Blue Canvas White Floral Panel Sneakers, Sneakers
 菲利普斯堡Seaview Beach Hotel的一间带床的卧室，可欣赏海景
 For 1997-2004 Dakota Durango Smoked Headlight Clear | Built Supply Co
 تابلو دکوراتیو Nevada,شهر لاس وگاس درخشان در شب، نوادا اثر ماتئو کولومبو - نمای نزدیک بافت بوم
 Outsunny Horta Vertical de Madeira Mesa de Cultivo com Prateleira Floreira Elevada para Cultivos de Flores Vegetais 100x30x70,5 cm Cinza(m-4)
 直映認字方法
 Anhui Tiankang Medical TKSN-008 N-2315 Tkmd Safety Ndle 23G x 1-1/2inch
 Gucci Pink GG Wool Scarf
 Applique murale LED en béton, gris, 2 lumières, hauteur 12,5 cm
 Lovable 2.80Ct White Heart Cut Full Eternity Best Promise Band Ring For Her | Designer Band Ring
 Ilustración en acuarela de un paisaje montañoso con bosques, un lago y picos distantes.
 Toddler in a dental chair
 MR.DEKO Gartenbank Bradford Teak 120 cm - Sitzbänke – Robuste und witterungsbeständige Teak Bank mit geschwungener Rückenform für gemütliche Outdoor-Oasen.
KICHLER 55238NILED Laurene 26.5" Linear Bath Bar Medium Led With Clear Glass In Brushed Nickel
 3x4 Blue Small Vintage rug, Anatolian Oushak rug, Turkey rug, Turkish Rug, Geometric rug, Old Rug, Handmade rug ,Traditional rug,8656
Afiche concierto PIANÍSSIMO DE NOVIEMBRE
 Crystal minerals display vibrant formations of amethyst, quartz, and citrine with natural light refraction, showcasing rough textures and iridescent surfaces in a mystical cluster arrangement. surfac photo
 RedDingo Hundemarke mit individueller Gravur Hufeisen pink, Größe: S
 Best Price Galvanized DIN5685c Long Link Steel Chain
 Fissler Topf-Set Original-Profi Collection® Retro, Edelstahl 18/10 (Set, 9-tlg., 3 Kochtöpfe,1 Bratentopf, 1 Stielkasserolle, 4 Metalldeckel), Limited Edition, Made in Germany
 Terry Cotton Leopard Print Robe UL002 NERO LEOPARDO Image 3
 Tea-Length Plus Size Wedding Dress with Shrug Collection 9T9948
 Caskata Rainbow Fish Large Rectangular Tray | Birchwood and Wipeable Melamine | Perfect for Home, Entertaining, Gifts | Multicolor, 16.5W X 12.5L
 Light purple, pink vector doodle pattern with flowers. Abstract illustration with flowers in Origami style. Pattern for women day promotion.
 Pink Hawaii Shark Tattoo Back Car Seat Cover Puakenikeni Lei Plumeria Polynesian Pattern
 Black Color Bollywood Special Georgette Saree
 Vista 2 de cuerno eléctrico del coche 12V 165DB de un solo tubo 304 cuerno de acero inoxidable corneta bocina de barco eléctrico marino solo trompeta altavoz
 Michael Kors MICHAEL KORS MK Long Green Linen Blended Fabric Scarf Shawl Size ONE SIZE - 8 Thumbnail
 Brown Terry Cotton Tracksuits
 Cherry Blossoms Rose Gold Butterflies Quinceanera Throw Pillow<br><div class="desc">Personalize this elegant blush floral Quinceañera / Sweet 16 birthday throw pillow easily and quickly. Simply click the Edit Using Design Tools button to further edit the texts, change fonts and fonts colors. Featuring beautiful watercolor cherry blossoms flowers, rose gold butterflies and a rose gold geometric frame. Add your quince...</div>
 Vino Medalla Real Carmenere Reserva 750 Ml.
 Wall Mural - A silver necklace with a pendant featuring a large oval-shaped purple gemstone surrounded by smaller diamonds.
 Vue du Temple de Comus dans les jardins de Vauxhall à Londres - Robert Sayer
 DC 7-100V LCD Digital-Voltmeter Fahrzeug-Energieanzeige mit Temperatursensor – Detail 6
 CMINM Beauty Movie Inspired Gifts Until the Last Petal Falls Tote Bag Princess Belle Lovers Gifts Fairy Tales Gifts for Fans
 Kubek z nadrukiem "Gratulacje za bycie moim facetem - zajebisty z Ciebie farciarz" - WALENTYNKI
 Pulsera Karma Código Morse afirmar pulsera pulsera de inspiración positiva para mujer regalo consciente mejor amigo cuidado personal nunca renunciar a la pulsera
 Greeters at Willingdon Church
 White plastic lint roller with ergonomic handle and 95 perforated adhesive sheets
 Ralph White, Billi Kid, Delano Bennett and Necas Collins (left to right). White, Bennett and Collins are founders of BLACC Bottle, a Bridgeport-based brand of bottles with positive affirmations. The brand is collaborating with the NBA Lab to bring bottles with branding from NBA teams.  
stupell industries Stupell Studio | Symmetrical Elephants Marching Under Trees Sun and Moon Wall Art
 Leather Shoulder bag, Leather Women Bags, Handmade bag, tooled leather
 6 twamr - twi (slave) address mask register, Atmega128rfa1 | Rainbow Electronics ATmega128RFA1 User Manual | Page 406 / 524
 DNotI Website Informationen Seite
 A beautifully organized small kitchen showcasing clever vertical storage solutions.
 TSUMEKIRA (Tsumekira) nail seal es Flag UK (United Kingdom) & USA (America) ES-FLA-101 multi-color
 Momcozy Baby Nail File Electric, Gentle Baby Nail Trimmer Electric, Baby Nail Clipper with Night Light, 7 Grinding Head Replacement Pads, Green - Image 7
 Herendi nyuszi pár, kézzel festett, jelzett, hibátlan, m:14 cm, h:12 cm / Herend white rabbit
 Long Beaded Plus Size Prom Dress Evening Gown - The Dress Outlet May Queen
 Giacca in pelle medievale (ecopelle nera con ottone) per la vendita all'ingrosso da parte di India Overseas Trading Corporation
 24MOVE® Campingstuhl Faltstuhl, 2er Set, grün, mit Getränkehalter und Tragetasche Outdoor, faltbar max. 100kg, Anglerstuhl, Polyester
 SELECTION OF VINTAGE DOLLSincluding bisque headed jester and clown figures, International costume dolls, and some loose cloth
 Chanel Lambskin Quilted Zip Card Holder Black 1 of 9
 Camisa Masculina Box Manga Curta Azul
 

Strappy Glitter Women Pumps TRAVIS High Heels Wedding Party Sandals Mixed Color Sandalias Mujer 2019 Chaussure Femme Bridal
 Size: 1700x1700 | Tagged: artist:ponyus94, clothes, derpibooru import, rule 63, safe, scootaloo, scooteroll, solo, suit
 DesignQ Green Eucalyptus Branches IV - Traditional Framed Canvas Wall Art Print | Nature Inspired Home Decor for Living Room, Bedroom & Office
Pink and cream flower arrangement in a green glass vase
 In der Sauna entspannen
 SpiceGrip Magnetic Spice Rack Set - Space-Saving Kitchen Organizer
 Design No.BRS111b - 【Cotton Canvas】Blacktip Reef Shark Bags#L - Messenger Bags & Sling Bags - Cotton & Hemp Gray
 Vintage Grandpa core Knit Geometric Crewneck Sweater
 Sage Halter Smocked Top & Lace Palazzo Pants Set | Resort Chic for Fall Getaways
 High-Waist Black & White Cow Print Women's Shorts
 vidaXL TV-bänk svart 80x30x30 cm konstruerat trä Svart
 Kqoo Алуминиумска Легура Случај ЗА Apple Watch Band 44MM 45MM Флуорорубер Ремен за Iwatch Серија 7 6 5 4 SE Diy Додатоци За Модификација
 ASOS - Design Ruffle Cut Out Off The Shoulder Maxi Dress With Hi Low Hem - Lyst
---------------
# TASK INSTRUCTIONS:
Exactly the lines above from the one with "For 1997-2004 Dakota" to the one with "Applique murale LED", both included, are to be quoted; leave the rest out.

# RESULT FOR THIS EXERCISE:
 For 1997-2004 Dakota Durango Smoked Headlight Clear | Built Supply Co
 تابلو دکوراتیو Nevada,شهر لاس وگاس درخشان در شب، نوادا اثر ماتئو کولومبو - نمای نزدیک بافت بوم
 Outsunny Horta Vertical de Madeira Mesa de Cultivo com Prateleira Floreira Elevada para Cultivos de Flores Vegetais 100x30x70,5 cm Cinza(m-4)
 直映認字方法
 Anhui Tiankang Medical TKSN-008 N-2315 Tkmd Safety Ndle 23G x 1-1/2inch
 Gucci Pink GG Wool Scarf
 Applique murale LED en béton, gris, 2 lumières, hauteur 12,5 cm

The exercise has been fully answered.